J'accorde que, pour conserver l'économie du système, il faille absolument que la seconde Chambre soit démocratique, comme on ne, pourroit se refuser à reconnoître que les lois fondamentales sont indispensables, il n'en sera que plus démontré que ces lois doivent exister antécédemment à la puissance legislative. En effet, ces lois, dans quelque système, d'après quelques principes, qu'il soit convenable, raisonnable et libéral même de les faire, toujours est-il vrai que, selon qu'elles seront faites, les trois branches de la puissance législative seront plus ou moins modifiées et diversement constituées.

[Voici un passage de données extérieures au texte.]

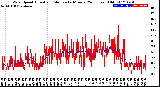 Milwaukee Weather Wind Speed<br>Actual and Median<br>by Minute<br>(24 Hours) (Old)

Qu'on réfléchisse un moment à l'effet différent que produiroient, telle ou telle autre loi, sur les élections, sur le concordat, sur le recrutement, et on conviendra qu'il en

résultera une constitution ou un droit politique dont la nature sera celle qu'on aura donnée aux lois dont je viens de parler. Si ce sont ces lois qui doivent constituer le gouvernement, ce qu'il doit être, ces lois, d'après quelques principes qu'on les fasse, sont donc constituantes. Trois pouvoirs auxquels on se contenteroit de dire : vous serez égaux en puissance, voilà votre seule règle, constituez-vous, ne pourront jamais y parvenir l'un des trois, ou chacun des trois, selon son intérêt, car ils ne sont pas consubstantiels (il n'est pas donné de l'être à des pouvoirs humains), opposera tantôt la force d'inertie en refusant, tantôt le droit de mal faire ou de faire méchamment la loi. J'entends par méchamment, de manière à ce que l'équilibre soit rompu en sa faveur. Alors le peuple reste sans lois, ou, ce qui est pis, il en a de mauvaises, et une nouvelle désorganisation sociale, après tant d'autres, le menace encore. Il faut donc nécessairement distinguer le pouvoir constituant de la puissance législative; il faut que le premier exerce la plénitude de son droit, avant que l'autre commence l'exercice du sien. Si par le fait cela n'est pas ainsi, le fait n'est qu'une circonstance accidentelle qui ne peut investir la puissance législative d'une compétence qu'elle n'a pas. Il faut corriger le fait, car vous ne pouvez confondre deux pouvoirs si différens et si distans l'un de l'autre ; et si vous les confondez, tout est, et tout sera confondu.